“How Bitcoin Ends” – Fast Company | $10,684.40

Last updated on March 12th, 2018 at 12:32 am

Bitcoin was a clever idea. Idealistic, even. But it isn’t working out quite as its developers imagined. In fact, once all the coin has been mined, bitcoin will simply reinforce the very banking system it was invented to disrupt.

At its core, bitcoin is just an extension of the old PGP, or Pretty Good Privacy encryption protocol.

In essence, bitcoin is money built and maintained by nerds, based on the premise that good nerds will outnumber the bad nerds.

…And that’s the system we’re stuck with today, with central banks issuing money, and banking conglomerates lending it to the public and verifying our transactions for a fee. All of our businesses are just subsidiaries of a banking system with a legal monopoly over our money.

Bitcoin was meant to cut out those unnecessary intermediaries, and replace them with computer cycles. The high processing cost of mining bitcoin–as well as an arbitrary limit on the total number of coin that can ever be mined–keeps the money supply scarce. But this means that instead of re-creating those high-velocity market monies of the Middle Ages, the abundant ones that worked like poker chips, bitcoin re-creates the market mechanisms of gold, a currency that invites hoarding and speculation while discouraging transactions. Oops.
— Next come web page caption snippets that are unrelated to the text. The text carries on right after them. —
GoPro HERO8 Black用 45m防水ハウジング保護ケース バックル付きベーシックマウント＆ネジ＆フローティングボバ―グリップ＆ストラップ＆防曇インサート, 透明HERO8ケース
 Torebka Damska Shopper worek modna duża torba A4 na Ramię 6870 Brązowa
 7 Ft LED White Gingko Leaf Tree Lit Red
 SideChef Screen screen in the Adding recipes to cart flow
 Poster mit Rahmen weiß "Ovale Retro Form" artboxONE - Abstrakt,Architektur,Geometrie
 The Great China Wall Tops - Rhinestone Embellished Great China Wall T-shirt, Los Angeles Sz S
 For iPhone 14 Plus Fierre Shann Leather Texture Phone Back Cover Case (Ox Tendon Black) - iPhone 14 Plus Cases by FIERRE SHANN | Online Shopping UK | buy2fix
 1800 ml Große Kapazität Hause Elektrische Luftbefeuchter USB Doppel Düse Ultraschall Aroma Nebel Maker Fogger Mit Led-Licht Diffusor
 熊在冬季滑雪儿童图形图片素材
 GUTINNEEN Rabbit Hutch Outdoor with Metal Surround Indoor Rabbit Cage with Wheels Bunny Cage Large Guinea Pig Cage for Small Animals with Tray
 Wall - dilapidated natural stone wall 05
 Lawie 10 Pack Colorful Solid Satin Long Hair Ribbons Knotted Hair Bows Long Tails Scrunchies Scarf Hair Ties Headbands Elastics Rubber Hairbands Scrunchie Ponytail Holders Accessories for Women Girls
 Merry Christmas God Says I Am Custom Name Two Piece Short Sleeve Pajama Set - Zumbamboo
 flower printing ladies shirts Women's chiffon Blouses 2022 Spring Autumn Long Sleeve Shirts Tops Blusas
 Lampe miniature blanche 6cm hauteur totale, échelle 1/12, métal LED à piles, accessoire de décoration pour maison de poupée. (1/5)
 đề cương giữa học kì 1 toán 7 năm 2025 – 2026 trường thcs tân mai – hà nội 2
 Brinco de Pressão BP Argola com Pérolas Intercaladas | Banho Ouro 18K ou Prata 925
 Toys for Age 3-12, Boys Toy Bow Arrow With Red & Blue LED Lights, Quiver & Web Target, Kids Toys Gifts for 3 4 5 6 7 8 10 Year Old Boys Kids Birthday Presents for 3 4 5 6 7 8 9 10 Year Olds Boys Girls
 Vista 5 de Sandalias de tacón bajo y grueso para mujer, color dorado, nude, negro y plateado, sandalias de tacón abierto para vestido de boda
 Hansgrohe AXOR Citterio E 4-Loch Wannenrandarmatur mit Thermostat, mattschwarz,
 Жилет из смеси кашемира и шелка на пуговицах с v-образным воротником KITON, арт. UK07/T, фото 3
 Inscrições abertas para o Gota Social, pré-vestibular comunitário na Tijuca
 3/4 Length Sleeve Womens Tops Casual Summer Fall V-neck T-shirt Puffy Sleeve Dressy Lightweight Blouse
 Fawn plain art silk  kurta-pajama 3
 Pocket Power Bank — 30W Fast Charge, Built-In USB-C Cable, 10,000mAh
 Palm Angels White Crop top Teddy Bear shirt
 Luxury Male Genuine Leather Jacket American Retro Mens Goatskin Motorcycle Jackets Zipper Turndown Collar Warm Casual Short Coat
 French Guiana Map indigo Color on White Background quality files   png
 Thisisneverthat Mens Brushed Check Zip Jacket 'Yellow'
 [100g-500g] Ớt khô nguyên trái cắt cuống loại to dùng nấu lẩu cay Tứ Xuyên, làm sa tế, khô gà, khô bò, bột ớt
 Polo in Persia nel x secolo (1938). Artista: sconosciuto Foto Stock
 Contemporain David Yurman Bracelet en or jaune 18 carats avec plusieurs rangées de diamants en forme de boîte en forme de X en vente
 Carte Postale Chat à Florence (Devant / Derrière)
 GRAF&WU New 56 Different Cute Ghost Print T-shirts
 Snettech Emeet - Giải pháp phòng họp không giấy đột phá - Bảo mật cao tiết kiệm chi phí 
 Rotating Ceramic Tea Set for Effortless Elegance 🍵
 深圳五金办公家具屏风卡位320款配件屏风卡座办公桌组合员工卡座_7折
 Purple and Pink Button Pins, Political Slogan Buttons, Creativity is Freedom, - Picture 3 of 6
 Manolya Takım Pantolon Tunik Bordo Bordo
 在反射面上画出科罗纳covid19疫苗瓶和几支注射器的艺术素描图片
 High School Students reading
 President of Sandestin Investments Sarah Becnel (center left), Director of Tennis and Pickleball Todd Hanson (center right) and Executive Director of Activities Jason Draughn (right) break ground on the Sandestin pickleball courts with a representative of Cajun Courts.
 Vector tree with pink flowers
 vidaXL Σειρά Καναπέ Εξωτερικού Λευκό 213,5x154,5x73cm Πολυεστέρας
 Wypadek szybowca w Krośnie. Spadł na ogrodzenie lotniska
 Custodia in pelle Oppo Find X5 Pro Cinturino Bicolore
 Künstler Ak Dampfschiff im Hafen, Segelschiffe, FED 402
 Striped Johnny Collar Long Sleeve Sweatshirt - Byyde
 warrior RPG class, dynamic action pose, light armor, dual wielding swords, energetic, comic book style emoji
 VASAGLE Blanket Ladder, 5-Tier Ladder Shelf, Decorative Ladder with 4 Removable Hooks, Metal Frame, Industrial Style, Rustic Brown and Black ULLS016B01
The wealth disparity in bitcoin is worse than that of central currency, with 4% of users owning 96% of bitcoin. So much for breaking the banking monopoly; this is just hackers seizing the banking industry for themselves.

So what will really happen when all the bitcoin is mined? The people and companies currently authenticating transactions for coin will instead insist on service fees. The more processing power and electricity it takes to authenticate, the more they will want to be paid.

Bitcoin may have been meant to disintermediate the agents of trust who monopolized commerce and currency. Like the internet, it was meant to engender trust by connecting people directly to one another. But all it really did was substitute for trust in a new way–with computer cycles instead of a human or institutional middleman.